→ Provided material
§
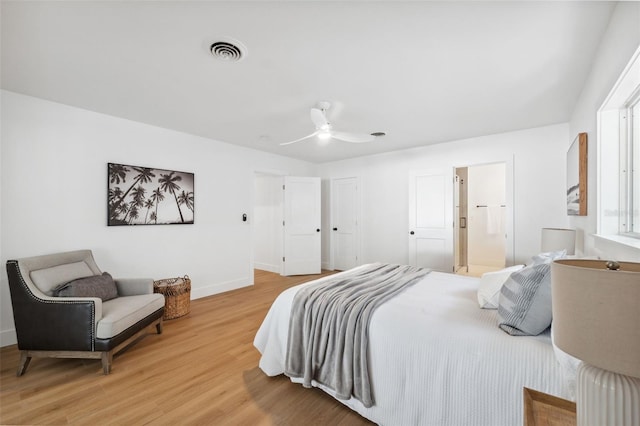 bedroom with hardwood / wood-style flooring, ceiling fan, and ensuite bathroom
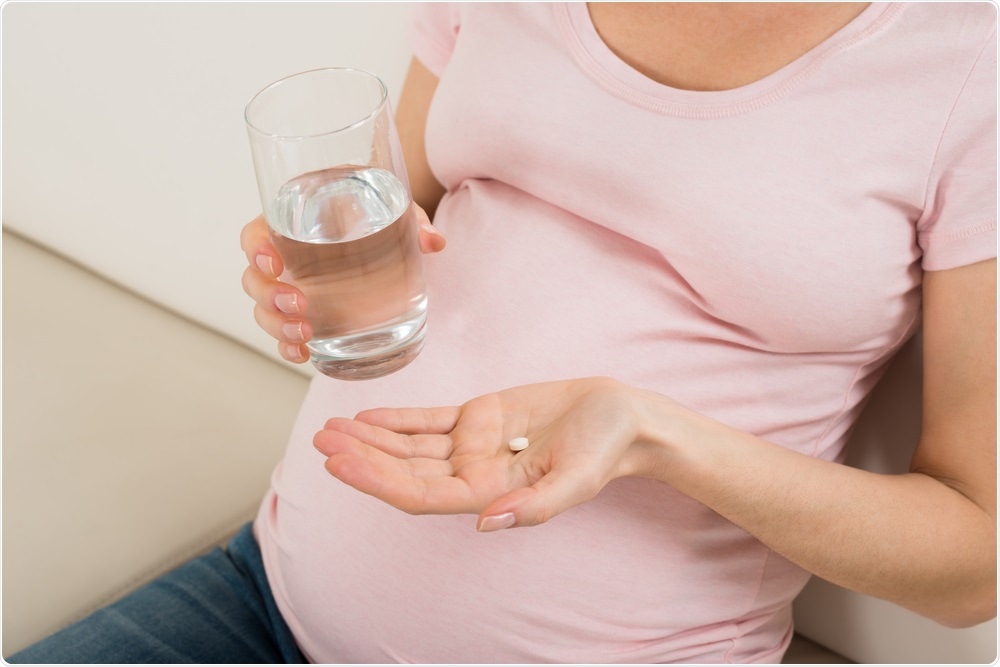 Woman taking iron supplement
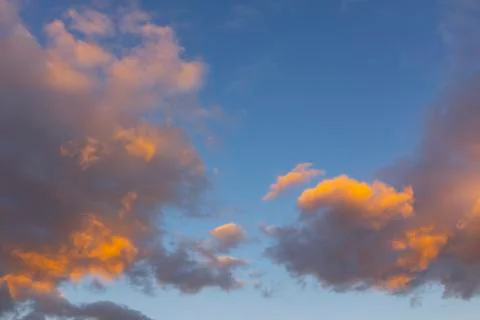 Beautiful dramatic sky. Sunset orange clouds. Orange golden sunset. Sunset rays  Stock Photos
§
→ Exercise goal
I would like the material repeated in full and exactly, with its images omitted.

→ Task solution
 bedroom with hardwood / wood-style flooring, ceiling fan, and ensuite bathroom
 Woman taking iron supplement
 Beautiful dramatic sky. Sunset orange clouds. Orange golden sunset. Sunset rays  Stock Photos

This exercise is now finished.